● **What needs to be done**
Repeat every line that appears below, with nothing altered.

● **Given information**
══════════════════════════════

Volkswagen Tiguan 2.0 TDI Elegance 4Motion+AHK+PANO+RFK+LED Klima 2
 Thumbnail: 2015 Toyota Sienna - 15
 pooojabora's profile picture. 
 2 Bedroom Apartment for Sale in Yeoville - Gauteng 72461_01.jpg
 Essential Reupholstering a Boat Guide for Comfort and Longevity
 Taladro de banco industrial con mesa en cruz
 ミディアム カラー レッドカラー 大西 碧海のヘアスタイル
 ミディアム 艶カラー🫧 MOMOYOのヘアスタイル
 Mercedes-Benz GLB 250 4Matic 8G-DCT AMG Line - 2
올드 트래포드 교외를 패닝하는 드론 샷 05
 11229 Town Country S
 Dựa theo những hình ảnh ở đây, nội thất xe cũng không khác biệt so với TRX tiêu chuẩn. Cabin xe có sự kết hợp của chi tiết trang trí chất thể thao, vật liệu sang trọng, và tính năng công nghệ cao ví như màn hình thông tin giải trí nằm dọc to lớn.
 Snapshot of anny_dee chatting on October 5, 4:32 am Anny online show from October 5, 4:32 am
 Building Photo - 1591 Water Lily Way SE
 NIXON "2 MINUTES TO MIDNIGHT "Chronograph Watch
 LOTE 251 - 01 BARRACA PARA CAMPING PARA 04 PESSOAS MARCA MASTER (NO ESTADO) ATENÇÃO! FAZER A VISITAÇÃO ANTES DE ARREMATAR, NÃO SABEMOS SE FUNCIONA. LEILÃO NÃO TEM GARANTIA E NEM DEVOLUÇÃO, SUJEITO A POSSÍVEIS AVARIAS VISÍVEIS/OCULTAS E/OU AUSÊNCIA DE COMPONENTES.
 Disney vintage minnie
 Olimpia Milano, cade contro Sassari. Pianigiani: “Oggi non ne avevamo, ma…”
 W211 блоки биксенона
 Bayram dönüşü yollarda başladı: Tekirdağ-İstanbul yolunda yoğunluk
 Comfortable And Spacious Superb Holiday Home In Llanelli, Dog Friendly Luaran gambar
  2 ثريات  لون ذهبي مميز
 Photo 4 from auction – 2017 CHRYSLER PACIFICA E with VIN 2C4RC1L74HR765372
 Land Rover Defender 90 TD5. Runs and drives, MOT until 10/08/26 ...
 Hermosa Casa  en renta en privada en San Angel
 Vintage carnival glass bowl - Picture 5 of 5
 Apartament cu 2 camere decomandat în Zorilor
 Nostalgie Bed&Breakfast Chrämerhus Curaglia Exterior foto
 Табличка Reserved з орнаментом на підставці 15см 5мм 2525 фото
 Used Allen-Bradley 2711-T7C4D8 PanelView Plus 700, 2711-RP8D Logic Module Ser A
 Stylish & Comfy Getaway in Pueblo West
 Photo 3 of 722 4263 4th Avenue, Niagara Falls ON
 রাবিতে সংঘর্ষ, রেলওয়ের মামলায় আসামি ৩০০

══════════════════════════════

● **Exercise response**
Volkswagen Tiguan 2.0 TDI Elegance 4Motion+AHK+PANO+RFK+LED Klima 2
 Thumbnail: 2015 Toyota Sienna - 15
 pooojabora's profile picture. 
 2 Bedroom Apartment for Sale in Yeoville - Gauteng 72461_01.jpg
 Essential Reupholstering a Boat Guide for Comfort and Longevity
 Taladro de banco industrial con mesa en cruz
 ミディアム カラー レッドカラー 大西 碧海のヘアスタイル
 ミディアム 艶カラー🫧 MOMOYOのヘアスタイル
 Mercedes-Benz GLB 250 4Matic 8G-DCT AMG Line - 2
올드 트래포드 교외를 패닝하는 드론 샷 05
 11229 Town Country S
 Dựa theo những hình ảnh ở đây, nội thất xe cũng không khác biệt so với TRX tiêu chuẩn. Cabin xe có sự kết hợp của chi tiết trang trí chất thể thao, vật liệu sang trọng, và tính năng công nghệ cao ví như màn hình thông tin giải trí nằm dọc to lớn.
 Snapshot of anny_dee chatting on October 5, 4:32 am Anny online show from October 5, 4:32 am
 Building Photo - 1591 Water Lily Way SE
 NIXON "2 MINUTES TO MIDNIGHT "Chronograph Watch
 LOTE 251 - 01 BARRACA PARA CAMPING PARA 04 PESSOAS MARCA MASTER (NO ESTADO) ATENÇÃO! FAZER A VISITAÇÃO ANTES DE ARREMATAR, NÃO SABEMOS SE FUNCIONA. LEILÃO NÃO TEM GARANTIA E NEM DEVOLUÇÃO, SUJEITO A POSSÍVEIS AVARIAS VISÍVEIS/OCULTAS E/OU AUSÊNCIA DE COMPONENTES.
 Disney vintage minnie
 Olimpia Milano, cade contro Sassari. Pianigiani: “Oggi non ne avevamo, ma…”
 W211 блоки биксенона
 Bayram dönüşü yollarda başladı: Tekirdağ-İstanbul yolunda yoğunluk
 Comfortable And Spacious Superb Holiday Home In Llanelli, Dog Friendly Luaran gambar
  2 ثريات  لون ذهبي مميز
 Photo 4 from auction – 2017 CHRYSLER PACIFICA E with VIN 2C4RC1L74HR765372
 Land Rover Defender 90 TD5. Runs and drives, MOT until 10/08/26 ...
 Hermosa Casa  en renta en privada en San Angel
 Vintage carnival glass bowl - Picture 5 of 5
 Apartament cu 2 camere decomandat în Zorilor
 Nostalgie Bed&Breakfast Chrämerhus Curaglia Exterior foto
 Табличка Reserved з орнаментом на підставці 15см 5мм 2525 фото
 Used Allen-Bradley 2711-T7C4D8 PanelView Plus 700, 2711-RP8D Logic Module Ser A
 Stylish & Comfy Getaway in Pueblo West
 Photo 3 of 722 4263 4th Avenue, Niagara Falls ON
 রাবিতে সংঘর্ষ, রেলওয়ের মামলায় আসামি ৩০০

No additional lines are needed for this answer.